One doesn't actually have to keep an eye out for the bus. You can hear its deep diesel rumble from half a kilometer away, and as it rounds the corner and pulls onto our street, you can hear its distinctive horn bleat.
At the sound of the bleating, Sam zipped up next to me. "Dad, guess what?" he said.
"The grasshopper jumped onto my backpack and instead of shooing it away, Mr. Sundar when like this--" And Sam pinched is index finger and thumb together.
Mr. Sundar is our driver. He's been known to kick small puppies and try to grab goats from behind. He has an...interesting...relationship with nature.
Sam knew it was wrong to kill the grasshopper. I told him all of God's creatures are special. Sam added a caveat, "Except maybe wasps."
"Well...wasps are different," I tried to explain. "Wasps are dangerous, but not all wasps. Just wasps by our house. Other wasps that aren't bothering anybody, we leave alone, too."
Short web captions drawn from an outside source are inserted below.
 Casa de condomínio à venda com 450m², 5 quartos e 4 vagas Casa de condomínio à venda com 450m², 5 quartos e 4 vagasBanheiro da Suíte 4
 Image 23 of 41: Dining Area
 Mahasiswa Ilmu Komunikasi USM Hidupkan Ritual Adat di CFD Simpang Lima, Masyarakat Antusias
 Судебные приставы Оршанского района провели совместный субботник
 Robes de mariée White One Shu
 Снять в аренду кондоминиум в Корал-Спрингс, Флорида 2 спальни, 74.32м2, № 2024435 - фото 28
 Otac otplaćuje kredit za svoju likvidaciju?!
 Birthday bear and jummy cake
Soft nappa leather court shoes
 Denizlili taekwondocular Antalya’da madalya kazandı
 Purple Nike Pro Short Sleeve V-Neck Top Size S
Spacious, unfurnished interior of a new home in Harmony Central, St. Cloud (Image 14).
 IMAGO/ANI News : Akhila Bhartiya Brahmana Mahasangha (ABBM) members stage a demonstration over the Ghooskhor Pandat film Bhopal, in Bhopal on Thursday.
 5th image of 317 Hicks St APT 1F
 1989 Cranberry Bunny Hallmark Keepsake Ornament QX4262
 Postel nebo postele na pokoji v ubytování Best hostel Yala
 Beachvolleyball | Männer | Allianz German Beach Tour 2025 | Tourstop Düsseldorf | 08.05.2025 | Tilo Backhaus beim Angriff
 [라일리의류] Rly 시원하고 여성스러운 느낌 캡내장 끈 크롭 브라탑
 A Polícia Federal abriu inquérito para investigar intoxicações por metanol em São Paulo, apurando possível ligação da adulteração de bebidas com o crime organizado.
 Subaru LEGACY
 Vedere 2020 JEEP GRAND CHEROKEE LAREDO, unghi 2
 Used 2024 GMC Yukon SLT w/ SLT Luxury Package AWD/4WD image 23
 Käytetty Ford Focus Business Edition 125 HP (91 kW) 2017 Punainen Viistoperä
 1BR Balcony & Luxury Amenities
He stood next to me, and we watched the bus back up down our street. An airplane flew overhead. It caught my eye and I looked at it soar through the sky. Then, I saw two birds, a smaller bird flapping its wings vigorously and a larger bird, an eagle or hawk, following it.
I kneeled next to Sam and pointed up into the sky, "Look!" I told him again. "It's a baby bird learning to fly and a mama bird following him." They wheeled in messy circles like that. Sam giggled. "It's just like when you were learning to ride your bike and I followed you around to make sure you didn't fall off."
"Yeah...," he breathed, then the bus pulled up, the door opened, I kissed him on the top of his poofy head, and he climbed up the steep stairs into the belly of the bus.
I saw him plop down in his usual spot next to one of his classmates, his eyes still focussed out the window, at the birds in the sky.
He turned to his friend and pointed out the window, showing the birds to him.
I feel a large part of my job as a father is to explain the world to him, to contextualize disparate experiences. I won two small victories this morning: Sam knows it is wrong to kill grasshoppers or, hopefully, any creature that is not bothering us, and to share with others, whether that means sharing or toy or the small wonders of the world, like a mama bird teaching its baby how to fly.